A Journey, Not An Escape, Ctd

Tunnel

A reader writes:

I have been following your blog for some time, and I have really enjoyed the occasional post on psychedelics.  I've read about psilocybin, LSD, and ayahuasca, but never about a plant that changed my life years ago: ibogaine.  It is native to West Africa, and people who experiment broadly with psychedelics consider it the most powerful drug in the world.

During my junior year of college, I found myself sinking into a depression.  On the surface, my life looked quite good, but something still felt wrong.  I had been raised to believe that happiness came from successfully achieving your goals.  I had achieved some fairly ambitious ones, and had acquired considerable respect from my peers, but happiness eluded me.  Even worse, I had no hope that life would get better.  I started drinking myself into blackness twice a week and watching a lot of TV, desperately hoping that one day I would feel better.  When I decided to try ibogaine, I was nearing the end of my rope.  Despite my antipathy towards drugs (aside from the occasional joint), I figured it could not hurt.

Ibogaine stays in your system for 48 hours, and the first 24 hours of my session were the most horrible 24 hours of my life.

Every single thought that I normally repressed came into my awareness - and I was forced to look at them without any filters.  I saw that I had no idea who I was, and so I desperately sought other people’s approval.  Everything I did, all my plans, were simply to make people give me positive feedback. 

I also saw that everyone else was in the same boat.  Society was one big lie - we all hide our suffering behind a façade of confidence and forced happiness, hoping that it will just go away.  I saw images of people’s faces: friends, parents, teachers, politicians; and I saw the desperation hiding just behind their eyes.  Finally, I saw how human beings are never truly happy.  We may have a few moments of happiness in a long lifetime, but mostly we jump from one distraction to the next until death takes us.  After 20 hours of visions like these, I drifted into sleep.

I woke up several hours later and sat down outside, staring into the trees behind my house.  Physically I was fine, but emotionally I felt horrible.  How could I possibly function in the world, knowing that life is a pointless joke?  I realized I could not go back to my old self, but who would I be?  I assumed my girlfriend would leave me, all my friends would grow tired of me, and my parents would stop loving me.  And forget about a career.  How could I possible compete with people who believed that success would bring them happiness?  So I just sat in my deck chair, mentally preparing myself for a life of loneliness and menial work.

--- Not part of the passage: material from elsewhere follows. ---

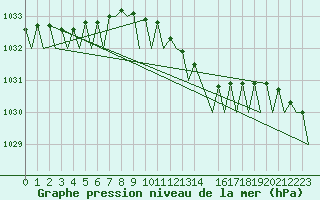 Courbe de la pression atmosphrique pour Wittmundhaven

And then the bottom dropped out.  Somewhere, deep down in my psyche, I accepted everything I had seen on ibogaine.  I accepted that I did not know who I was; I accepted that all my previous plans were based on getting people’s approval; and I accepted that happiness cannot be achieved.  And with this acceptance came an extraordinary bliss and that can only be described as religious.  I saw light everywhere, and felt an intense love coming into me and through me.  Over the next 24 hours, as the ibogaine left my system, this joy receded into the background and my normal mind slowly came back.

But I never returned to the person I had been before.  A sense of peace is always there in the background, and while it can get obscured by the mind, it never goes away.  I still don’t know who I am, but I don’t need to know.  I stopped chasing after happiness, because I know happiness is my natural state.  And my relationships did not fall apart; they were actually strengthened by an increase in love.  Even my career in mainstream international economics has gone well.  It turns out people really appreciate genuineness and authenticity.

This happened six years ago, and in this time I have come across many accounts of similar transitions; some with psychedelics, some with meditation or prayer, and some without any outside help.  In comparison, my experience was relatively easy.  Ibogaine was like a decade of psychotherapy and meditation rolled into one night, and while it was a horrible night, it saved me from years of suffering.